討論会で意見を述べる左から高橋克法、加藤千穂、町田紀光の3氏(壇上での座席順)=1日夜、宇都宮市江野町

 4日の参院選公示を前に、宇都宮市内で1日夜開かれた栃木選挙区立候補予定者による公開討論会。自民党現職の高橋克法(たかはしかつのり)(61)、立憲民主党新人の加藤千穂(かとうちほ)(43)、政治団体「NHKから国民を守る党」新人の町田紀光(まちだとしみつ)(40)の3氏が初めて顔をそろえ意見を戦わせた。全般的に主張が鋭く対立する場面は少なかったが、消費税率10%への引き上げについては意見が割れ、立場の違いが鮮明になった。

 今年10月の消費増税への賛否を問われると、高橋氏は賛成、加藤氏は反対、町田氏は賛成と反対のカードを掲げた。加藤氏は「アベノミクスの6年半で地方経済は冷え込んでしまった。低所得者ほど負担が重くなる。

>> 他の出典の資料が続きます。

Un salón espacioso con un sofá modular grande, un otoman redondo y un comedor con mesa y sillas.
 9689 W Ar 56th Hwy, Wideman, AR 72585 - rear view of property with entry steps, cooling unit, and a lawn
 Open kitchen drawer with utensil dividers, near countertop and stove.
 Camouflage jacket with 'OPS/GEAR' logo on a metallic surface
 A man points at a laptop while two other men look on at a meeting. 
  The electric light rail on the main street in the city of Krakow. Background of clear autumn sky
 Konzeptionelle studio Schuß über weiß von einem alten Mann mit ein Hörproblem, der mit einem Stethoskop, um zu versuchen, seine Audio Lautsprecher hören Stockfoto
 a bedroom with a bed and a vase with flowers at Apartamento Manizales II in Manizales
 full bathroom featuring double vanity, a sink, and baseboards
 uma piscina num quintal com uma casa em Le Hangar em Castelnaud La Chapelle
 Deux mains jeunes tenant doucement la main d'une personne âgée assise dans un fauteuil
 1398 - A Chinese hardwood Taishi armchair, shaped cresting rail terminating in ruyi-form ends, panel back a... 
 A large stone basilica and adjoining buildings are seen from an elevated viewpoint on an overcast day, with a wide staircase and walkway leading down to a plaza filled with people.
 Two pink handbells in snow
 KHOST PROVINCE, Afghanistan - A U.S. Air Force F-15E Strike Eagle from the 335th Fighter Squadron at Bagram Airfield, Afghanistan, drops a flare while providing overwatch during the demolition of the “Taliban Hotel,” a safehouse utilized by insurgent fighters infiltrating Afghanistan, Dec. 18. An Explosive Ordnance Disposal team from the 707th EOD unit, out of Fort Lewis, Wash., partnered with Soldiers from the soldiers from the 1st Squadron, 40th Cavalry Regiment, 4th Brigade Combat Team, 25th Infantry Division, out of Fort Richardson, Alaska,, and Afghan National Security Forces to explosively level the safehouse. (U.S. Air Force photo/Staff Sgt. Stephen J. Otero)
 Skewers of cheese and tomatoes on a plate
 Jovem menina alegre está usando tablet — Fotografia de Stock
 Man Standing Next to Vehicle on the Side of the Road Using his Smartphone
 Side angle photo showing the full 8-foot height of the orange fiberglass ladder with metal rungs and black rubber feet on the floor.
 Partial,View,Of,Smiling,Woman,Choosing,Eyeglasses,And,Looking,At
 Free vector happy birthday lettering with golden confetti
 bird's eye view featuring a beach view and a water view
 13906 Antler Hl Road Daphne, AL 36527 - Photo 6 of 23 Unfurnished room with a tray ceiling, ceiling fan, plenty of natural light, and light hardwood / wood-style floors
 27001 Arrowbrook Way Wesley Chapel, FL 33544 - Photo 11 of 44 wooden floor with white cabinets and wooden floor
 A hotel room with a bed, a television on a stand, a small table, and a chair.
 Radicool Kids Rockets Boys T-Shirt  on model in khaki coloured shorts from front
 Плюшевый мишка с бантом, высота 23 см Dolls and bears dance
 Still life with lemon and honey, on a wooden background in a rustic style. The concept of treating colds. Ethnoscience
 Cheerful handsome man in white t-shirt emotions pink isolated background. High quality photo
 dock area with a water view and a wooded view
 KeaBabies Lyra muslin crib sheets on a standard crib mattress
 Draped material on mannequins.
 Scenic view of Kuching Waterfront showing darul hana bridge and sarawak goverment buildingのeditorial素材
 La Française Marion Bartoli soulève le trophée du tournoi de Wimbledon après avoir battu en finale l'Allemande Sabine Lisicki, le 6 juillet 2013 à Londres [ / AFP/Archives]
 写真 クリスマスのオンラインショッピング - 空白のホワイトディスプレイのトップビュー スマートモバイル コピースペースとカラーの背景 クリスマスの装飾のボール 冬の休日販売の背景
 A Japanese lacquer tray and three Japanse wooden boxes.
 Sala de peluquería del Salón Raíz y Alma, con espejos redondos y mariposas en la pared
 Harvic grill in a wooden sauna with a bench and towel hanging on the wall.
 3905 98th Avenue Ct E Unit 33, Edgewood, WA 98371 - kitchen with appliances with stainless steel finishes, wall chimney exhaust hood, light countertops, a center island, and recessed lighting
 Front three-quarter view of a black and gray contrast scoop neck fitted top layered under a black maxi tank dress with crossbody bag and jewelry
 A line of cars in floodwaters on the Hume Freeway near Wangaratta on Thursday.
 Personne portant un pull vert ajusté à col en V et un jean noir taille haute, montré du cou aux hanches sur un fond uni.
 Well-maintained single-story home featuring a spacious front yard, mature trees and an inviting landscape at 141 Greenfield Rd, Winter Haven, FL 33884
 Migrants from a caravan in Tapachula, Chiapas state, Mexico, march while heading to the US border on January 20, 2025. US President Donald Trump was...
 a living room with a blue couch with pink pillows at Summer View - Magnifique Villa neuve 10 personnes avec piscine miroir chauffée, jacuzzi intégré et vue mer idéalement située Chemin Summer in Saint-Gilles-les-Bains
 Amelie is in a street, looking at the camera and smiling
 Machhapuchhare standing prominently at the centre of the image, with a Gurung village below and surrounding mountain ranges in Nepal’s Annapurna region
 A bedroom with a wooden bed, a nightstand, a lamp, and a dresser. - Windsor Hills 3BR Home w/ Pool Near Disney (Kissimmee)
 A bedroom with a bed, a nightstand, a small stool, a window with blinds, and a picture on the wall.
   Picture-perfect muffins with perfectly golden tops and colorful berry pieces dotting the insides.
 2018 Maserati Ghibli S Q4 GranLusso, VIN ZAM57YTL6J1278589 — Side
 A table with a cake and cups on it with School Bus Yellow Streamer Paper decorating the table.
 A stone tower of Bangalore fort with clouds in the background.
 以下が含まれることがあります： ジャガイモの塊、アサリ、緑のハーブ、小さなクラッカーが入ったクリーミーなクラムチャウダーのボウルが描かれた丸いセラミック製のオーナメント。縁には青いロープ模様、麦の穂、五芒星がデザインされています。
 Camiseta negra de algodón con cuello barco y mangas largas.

いったん立ち止まり、抜本的に見直すべきだ」と語気を強めた。

 一方、高橋氏は、消費税率引き上げは民主党政権下の2012年に3党合意で決まったこととした上で「歴史的な経緯を踏まえて判断しなければならない」と反論した。

 町田氏は「今する必要があるかといえば反対。他に人件費など削減すべきところがある」と述べた。

 10月に実施される幼児教育・保育無償化について、加藤氏は「無償化しても受け入れ先がなければ、潜在的な待機児童が余計殺到する」などと指摘した。

 高橋氏は「無償化と同時に待機児童解消のための受け皿整備、保育現場の処遇改善を進めていく」と強調した。